*** Opening GIVEN INFORMATION ***

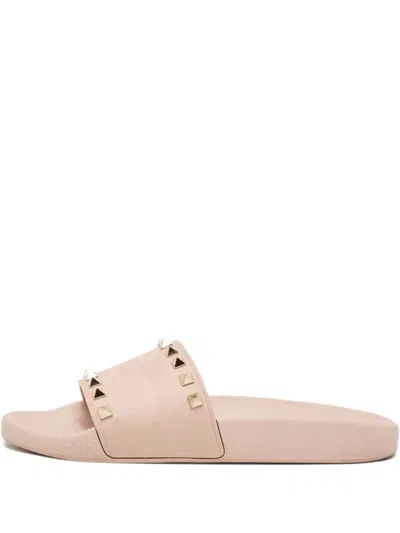Pre-owned Valentino Garavani Rockstud Slides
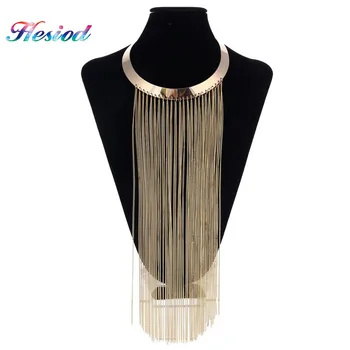 

Gold Silver Gun Black Long Chain Tassel Necklaces & Pendants Metal Fringe Statement Necklace Women Collares Jewelry Gifts Party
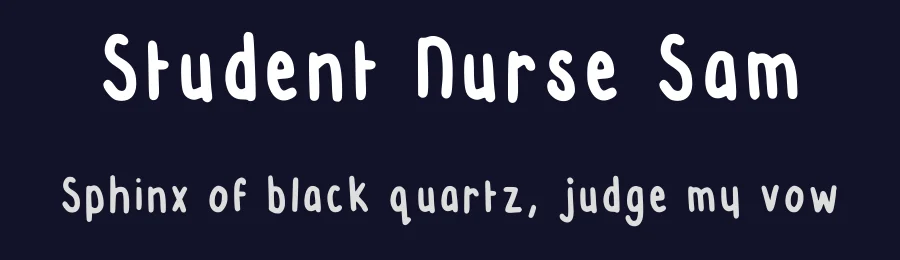 Student Nurse Sam by Samantha Elliott — Script Handwritten Font — thumbnail 2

*** Closing GIVEN INFORMATION ***

#### [WORK REQUIRED]
Please set down every line of the listing verbatim, excluding its pictures.

#### [TASK OUTPUT]
Pre-owned Valentino Garavani Rockstud Slides

Gold Silver Gun Black Long Chain Tassel Necklaces & Pendants Metal Fringe Statement Necklace Women Collares Jewelry Gifts Party
 Student Nurse Sam by Samantha Elliott — Script Handwritten Font — thumbnail 2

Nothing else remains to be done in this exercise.